Изменить размер шрифта - +

    Босс зашевелился, начал подниматься, я проворонил, и, только когда он выпрямился во весь рост, в глазах изумление, я замахнулся кулаком в челюсть, вместо этого ударил ногой в пах. Он перегнулся от боли, прохрипел в великом изумлении:

    – Запрещенный… прием…

    – Теперь все отпрещено, – отрубил я. – Понял?

    И с размаха саданул ногой в челюсть. Он рухнул на спину, я подпрыгнул и пару раз с силой саданул по ребрам. Захрустело, словно кубинцы снова ломают сахарный тростник голыми руками. Он вскрикнул:

    – Лежачего?

    – А я сторонник восточных единоборств, – ответил я нагло. – Сейчас Восток на марше, а мы все демократы!

    – Демо… кра… ты?

    – Ну да, – ответил я, – теперь можно и ниже пояса, и в спину, и лежачего!

    Торкесса подбежала, держа в руках, молодчина, пистолет. Правда, несла брезгливо, как лягушку, от которой бородавки и морщины. Я ухватил, не глядя, сунул за пояс.

    Босс прохрипел:

    – Ладно-ладно, ты победил!.. Я вижу, сейчас убьешь. Но, прежде чем застрелишь, расскажи, что ты задумал?
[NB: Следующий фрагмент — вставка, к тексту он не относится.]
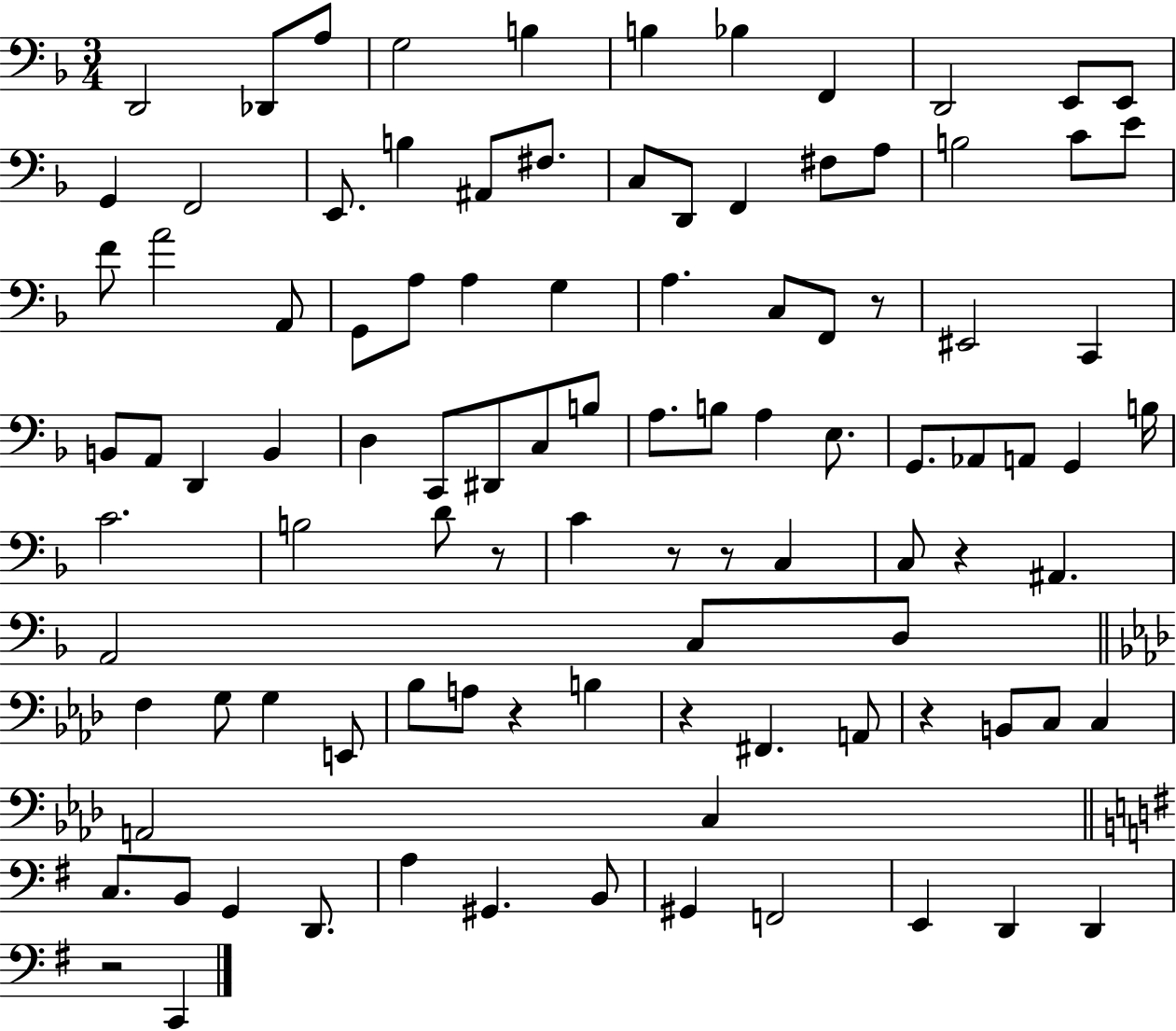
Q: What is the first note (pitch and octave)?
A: D2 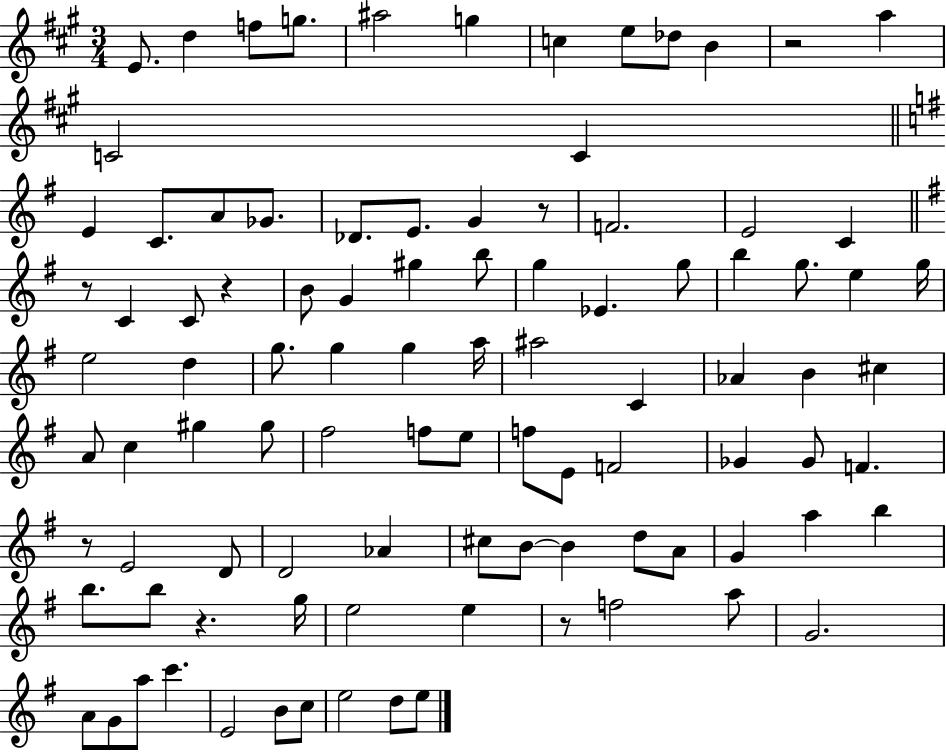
X:1
T:Untitled
M:3/4
L:1/4
K:A
E/2 d f/2 g/2 ^a2 g c e/2 _d/2 B z2 a C2 C E C/2 A/2 _G/2 _D/2 E/2 G z/2 F2 E2 C z/2 C C/2 z B/2 G ^g b/2 g _E g/2 b g/2 e g/4 e2 d g/2 g g a/4 ^a2 C _A B ^c A/2 c ^g ^g/2 ^f2 f/2 e/2 f/2 E/2 F2 _G _G/2 F z/2 E2 D/2 D2 _A ^c/2 B/2 B d/2 A/2 G a b b/2 b/2 z g/4 e2 e z/2 f2 a/2 G2 A/2 G/2 a/2 c' E2 B/2 c/2 e2 d/2 e/2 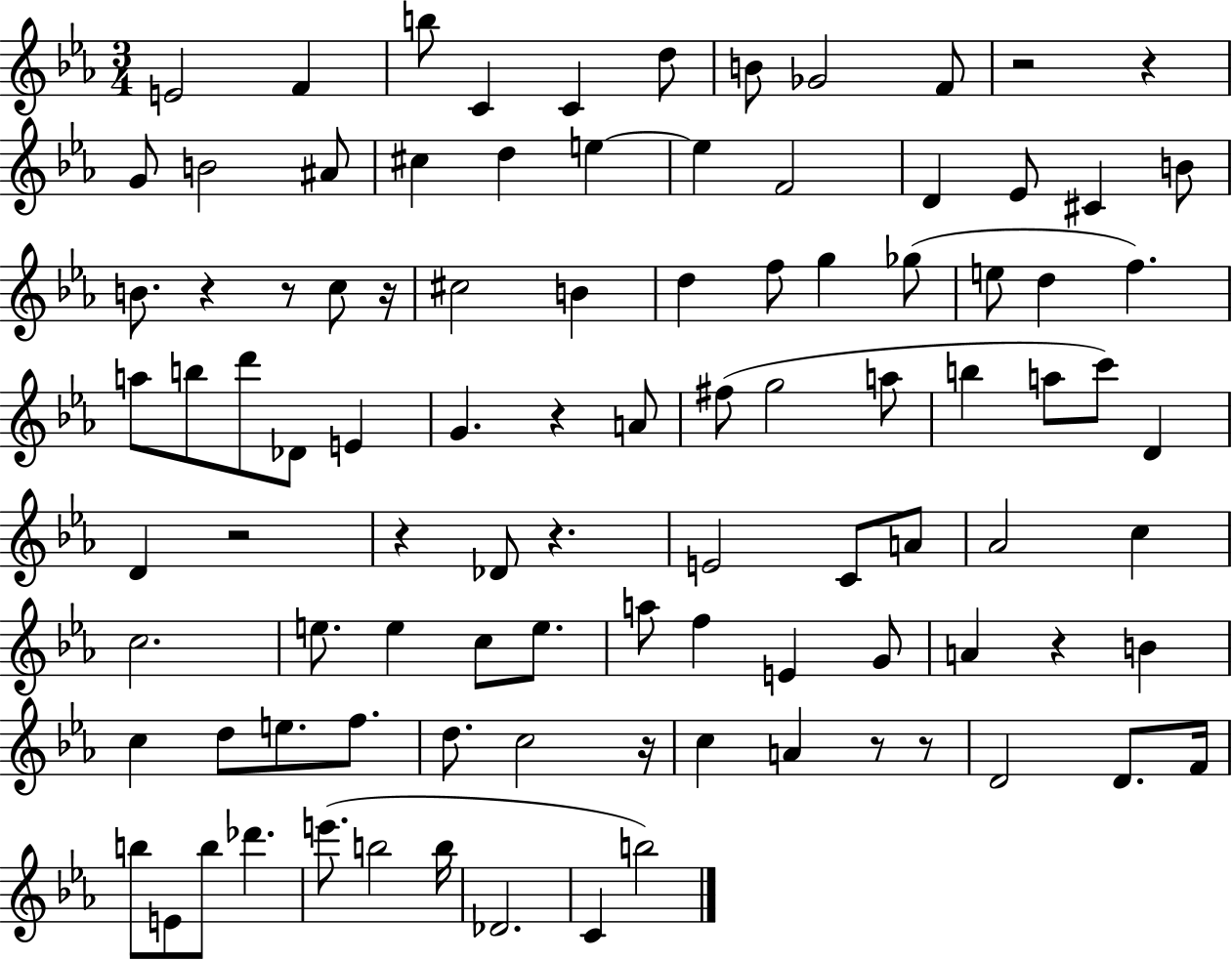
X:1
T:Untitled
M:3/4
L:1/4
K:Eb
E2 F b/2 C C d/2 B/2 _G2 F/2 z2 z G/2 B2 ^A/2 ^c d e e F2 D _E/2 ^C B/2 B/2 z z/2 c/2 z/4 ^c2 B d f/2 g _g/2 e/2 d f a/2 b/2 d'/2 _D/2 E G z A/2 ^f/2 g2 a/2 b a/2 c'/2 D D z2 z _D/2 z E2 C/2 A/2 _A2 c c2 e/2 e c/2 e/2 a/2 f E G/2 A z B c d/2 e/2 f/2 d/2 c2 z/4 c A z/2 z/2 D2 D/2 F/4 b/2 E/2 b/2 _d' e'/2 b2 b/4 _D2 C b2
    – Щас, – ответил я, – разбежался.

    И, выдернув пистолет, нажал на скобу. Рукоять в ладони дернулась, будто лягнул конь. Две пули распластали его на полу, как медузу. Глаза расширились в сильнейшем изумлении, как же так, я должен долго злорадствовать, глумиться, похваляться победами, рассказывать во всех подробностях свои планы на ближайшие сто лет вперед…

    Я шагнул ближе, благоразумно не приближаясь, однако прицелился в лоб и повторил:

    – Щас!

    Грянул выстрел, над переносицей образовалась дыра, в которую пролез бы кулак. Торкесса, волнуясь грудью, спросила испуганно-щебечущим голосом:

    – Застрелил? Насмерть?

    – Да, – ответил я, – хоть и допустил неосторожность.

    – Какую?

    – Я ответил: «Щас», а уж потом нажал на курок. Умнее сперва стрелять, а потом рассказывать. После двух контрольных выстрелов.

    Она вздохнула и прижалась ко мне теплым мягким боком. Я напряженно всматривался в проем, не мелькнет ли кто еще, хотя босс всегда попадается в конце, но хрен знает, что за режиссер, вдруг что экспериментальное или неумелое, а рядом вздохнуло, словно выдохнула молодая яловая корова. Меня обдало теплым домашним воздухом, к плечу прикоснулось волнующе-мягкое, упруго-мягкое, я мог не оглядываться, по участившемуся току крови в теле ощутил, что торкесса нежно и зовуще прижалась грудью.

    Вздохнув, я чуть отстранился, пальцы подрагивают на оружии. Если кто все же появится, надо успеть выстрелить первым. Именно так несколько странно определяется правота, но это непонятно только для какой-нибудь дурацкой галактической логики, а не для земной, человеческой… нам всегда все понятно. А что непонятно, то и фиг с ним.

    Рядом послышался вздох, я наконец скосил глаза, торкесса смотрит с обидой.

    – Что-то случилось? – спросил я.

    – Наверное, – ответила она с непониманием в глазах. – Вы так настойчиво от меня требовали…

    – Чего?

    Она высоко подняла красивые брови.

    – Близости, чего же еще требуют мужчины?

    Я покачал головой, глаза не отрывали взгляд от проема.